Certainly! (Sorry the image is so long, the spoiler tag doesn't shorten the empty space the image takes up on these forums, or I'd have hidden it in a spoiler.)
After setting our scripting backend to IL2CPP (which I thought I already did, but must've done only for iOS), as well as disabling the outline shader effect, we get... an unstable 30 FPS still with all three skeletons (though it might be more stable than without IL2CPP). Most of the time here is still being spent waiting for the GPU in the script as far as I can tell (Gfx.WaitForPresentOnGfxThread).
Some other testing has shown that using URP, with the default Spine URP Example 2D Scene from Spine, I only get about 15 FPS on the Android TV (while profiling), with most of the time being spent waiting for the GPU in the script (Gfx.WaitForPresentOnGfxThread).
After disabling all the point and directional lights in that scene I get around 57-59 FPS (while profiling) but with spikes down to 30 FPS, seemingly on a cyclical thing. Again these spikes seem to also be due to time being spent waiting for the GPU (Gfx.WaitForPresentOnGfxThread).
I'll report back here once I test all three skeletons rendering with URP next.
Edit: Welp. Trying URP with the three skeletons, Player, Opponent, and Crowd, is not boding well so far.
Using URP with the default Spine Skeleton shaders only gives us about 15 FPS now, whereas the default renderer with default shaders got us around 30 FPS (albeit unstably). Using URP with the Universal Render Pipeline/2D/Spine/Sprite
shader gives us a whopping 6 FPS π³ Then finally using URP with the Universal Render Pipeline/2D/Spine/SkeletonLit
shader gives us 10 FPS. GPU Instancing doesn't seem to make a difference here either.
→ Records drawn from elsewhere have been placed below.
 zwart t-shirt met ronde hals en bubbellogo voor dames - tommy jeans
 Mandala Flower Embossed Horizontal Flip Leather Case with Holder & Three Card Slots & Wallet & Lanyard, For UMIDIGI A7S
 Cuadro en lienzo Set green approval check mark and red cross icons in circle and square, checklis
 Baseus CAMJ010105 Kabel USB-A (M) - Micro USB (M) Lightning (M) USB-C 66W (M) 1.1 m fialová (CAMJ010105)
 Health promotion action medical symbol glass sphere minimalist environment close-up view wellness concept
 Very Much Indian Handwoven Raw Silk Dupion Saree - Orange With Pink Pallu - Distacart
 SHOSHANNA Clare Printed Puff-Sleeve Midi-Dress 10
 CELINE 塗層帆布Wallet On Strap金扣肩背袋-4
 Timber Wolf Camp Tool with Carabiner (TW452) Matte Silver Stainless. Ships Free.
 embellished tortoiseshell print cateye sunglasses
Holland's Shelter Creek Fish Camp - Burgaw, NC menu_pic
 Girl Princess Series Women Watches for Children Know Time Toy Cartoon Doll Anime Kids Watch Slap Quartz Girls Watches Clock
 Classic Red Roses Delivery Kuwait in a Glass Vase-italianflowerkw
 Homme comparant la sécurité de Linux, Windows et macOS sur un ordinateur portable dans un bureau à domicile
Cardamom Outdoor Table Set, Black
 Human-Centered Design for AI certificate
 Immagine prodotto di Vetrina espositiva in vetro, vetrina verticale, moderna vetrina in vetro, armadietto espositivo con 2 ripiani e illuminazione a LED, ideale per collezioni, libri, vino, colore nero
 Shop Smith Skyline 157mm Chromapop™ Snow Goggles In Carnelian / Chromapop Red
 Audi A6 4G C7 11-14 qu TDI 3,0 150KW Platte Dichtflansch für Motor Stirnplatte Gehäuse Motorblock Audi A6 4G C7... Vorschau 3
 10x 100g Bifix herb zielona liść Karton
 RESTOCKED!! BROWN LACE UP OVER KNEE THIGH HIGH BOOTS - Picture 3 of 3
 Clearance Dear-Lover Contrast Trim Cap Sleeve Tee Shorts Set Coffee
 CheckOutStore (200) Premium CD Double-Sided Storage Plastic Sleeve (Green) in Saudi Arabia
In all three of these tests there were no normal maps, emission maps, fragment shaders (outside of any you've used for your shaders in Spine's Unity Package), no light sources, etc. It was quite literally three skeletons, a camera, a global light 2d, and a single canvas with a single TextMeshPro on it to display the FPS averaged over the last 60 frames. About as simple of a scene as we could make for this test.